O agitar de um telemóvel ou o lamento é de uma foto histórica que ficou por tirar é o desfecho desta triste encenação. O que seria de lamentar é o futuro dos portugueses, que vão lutar por se manter à tona de agua, enquanto lêem as noticias dos lucros de 40% da Jerónimo Martins, da banca ou da acumulação de reformas milionárias, como a do ilustre Sr. Catroga. Deve ser fácil negociar o que não nos toca a nós.

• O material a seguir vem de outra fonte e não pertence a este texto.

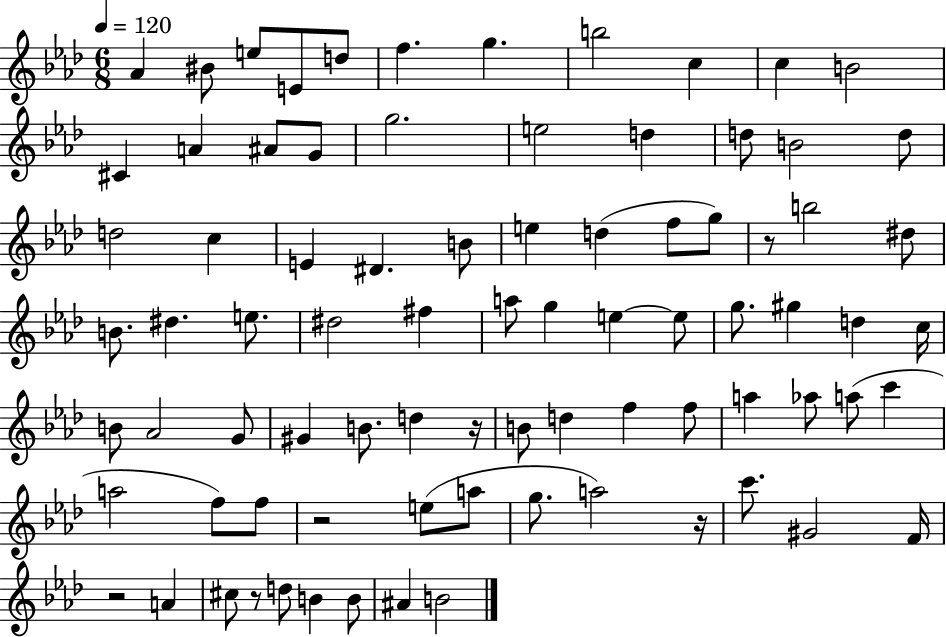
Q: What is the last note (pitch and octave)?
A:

quinta-feira, outubro 21, 2010

Hipocrisia

Continua a saber-se aos bocadinhos os detalhes da austeridade, agora ficamos a saber que a taxa contributiva dos trabalhadores a recibo verde e com contratos a prazo vai aumentar. Numa coisa realmente o governo é coerente, o ataque aos pobres e desprotegidos é uma constante. Já não basta a precariedade, a inexistência de subsídios de natal, férias ou de doença, a angústia de não saber por quanto tempo terá trabalho e a injustiça de se estar em situação de “falso recibo verde”, acresce um aumento da carga de impostos. Mais uma vez, não se tem em conta a taxa de esforço destes trabalhadores, nem as condições desfavoráveis que já os afectam.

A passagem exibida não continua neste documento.